■ Task to carry out ■
Except for the pictures, write out all the records that follow exactly.

■ Input records ■
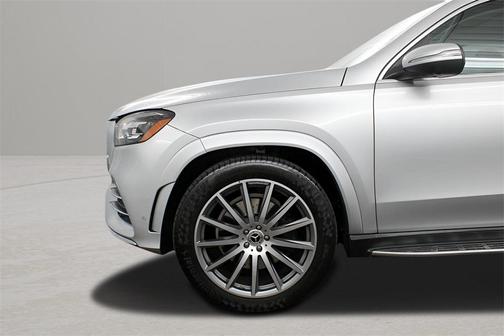 2020 Mercedes-Benz GLS 580 Base 4MATIC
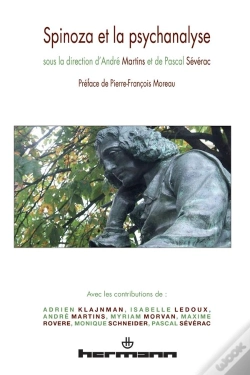 Capa do artigo Spinoza Et La Psychanalyse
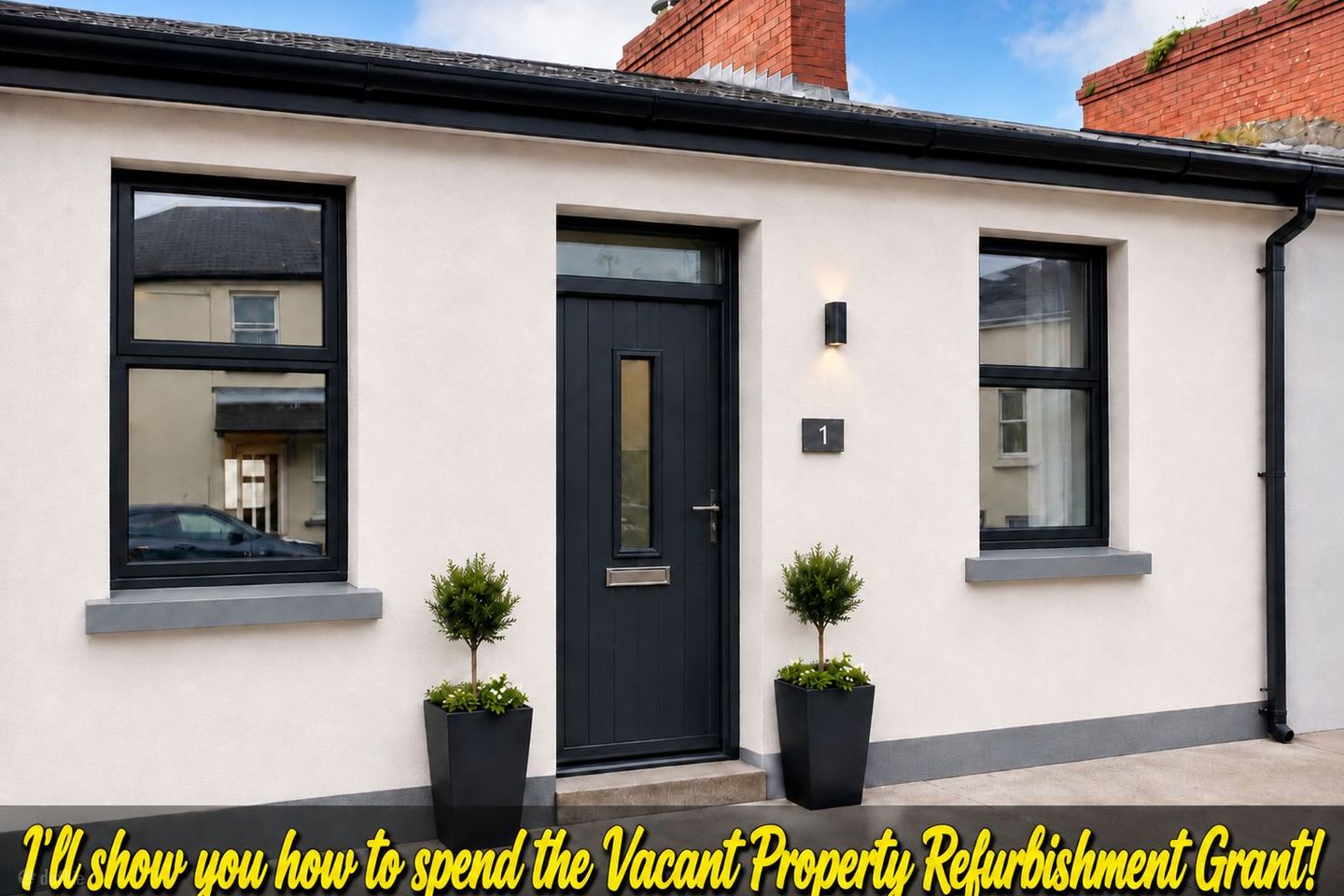 1 Nore Terrace, Kilkenny, Kilkenny, Co. Kilkenny, R95PEC3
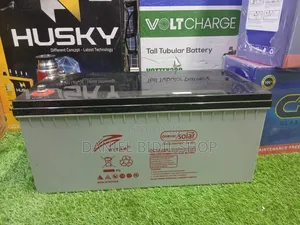 Chloride Ritar Solar Backup Battery 200ah 12v 20hrs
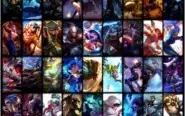 Conta League of Legends Elo Platina V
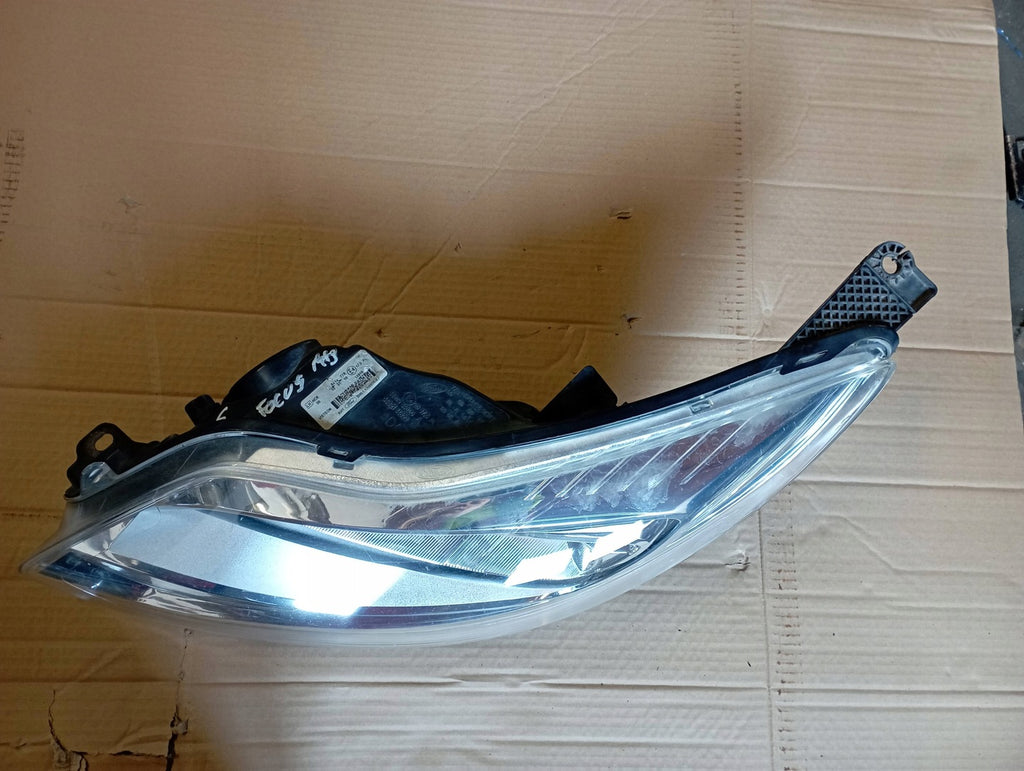 Frontscheinwerfer Ford Focus BM51-13W030-AJ Links Scheinwerfer Headlight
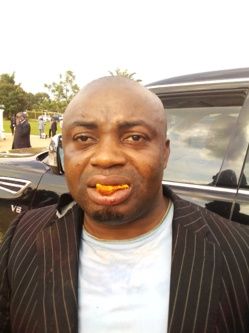 Le journaliste Sylver Ngodebo, directeur de publication du Mensuel « Expression Direct » agressé par le garde du corps du SG 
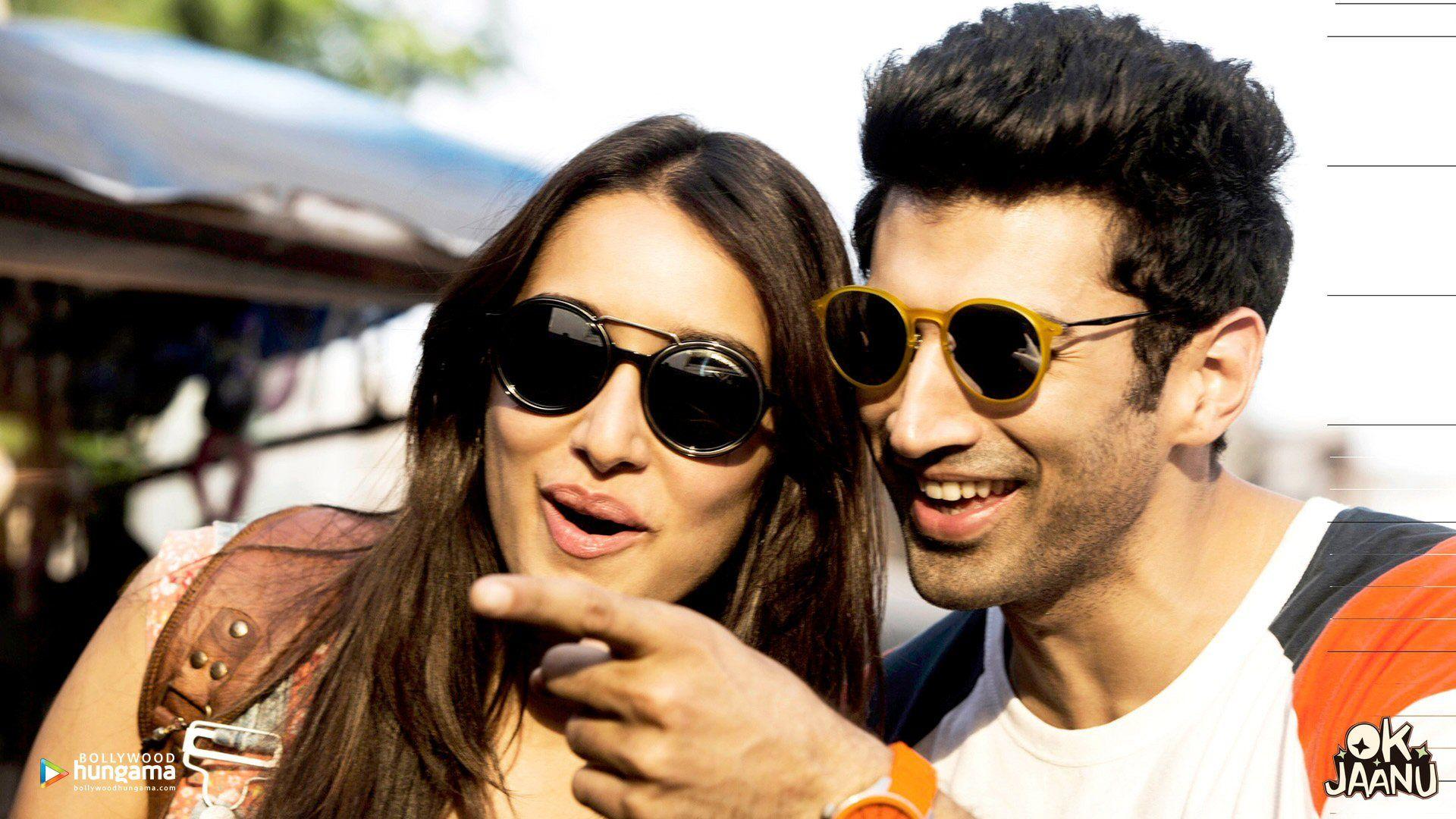 1920x1080 Ok Jaanu 2017 Wallpaper. Ok Jaanu 33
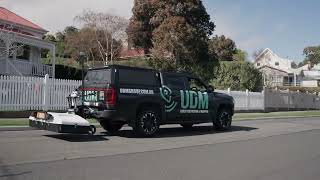 Utility Detection & Mapping (UDM)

■ Final answer ■
 2020 Mercedes-Benz GLS 580 Base 4MATIC
 Capa do artigo Spinoza Et La Psychanalyse
 1 Nore Terrace, Kilkenny, Kilkenny, Co. Kilkenny, R95PEC3
 Chloride Ritar Solar Backup Battery 200ah 12v 20hrs
 Conta League of Legends Elo Platina V
 Frontscheinwerfer Ford Focus BM51-13W030-AJ Links Scheinwerfer Headlight
 Le journaliste Sylver Ngodebo, directeur de publication du Mensuel « Expression Direct » agressé par le garde du corps du SG 
 1920x1080 Ok Jaanu 2017 Wallpaper. Ok Jaanu 33
 Utility Detection & Mapping (UDM)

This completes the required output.